Activity ::
Reproduce the whole listing that follows, exactly as it stands.

Supplied information ::
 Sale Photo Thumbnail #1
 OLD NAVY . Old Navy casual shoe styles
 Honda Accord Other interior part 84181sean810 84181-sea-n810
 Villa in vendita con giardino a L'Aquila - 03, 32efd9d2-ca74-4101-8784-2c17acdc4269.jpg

Answer to the problem ::
 Sale Photo Thumbnail #1
 OLD NAVY . Old Navy casual shoe styles
 Honda Accord Other interior part 84181sean810 84181-sea-n810
 Villa in vendita con giardino a L'Aquila - 03, 32efd9d2-ca74-4101-8784-2c17acdc4269.jpg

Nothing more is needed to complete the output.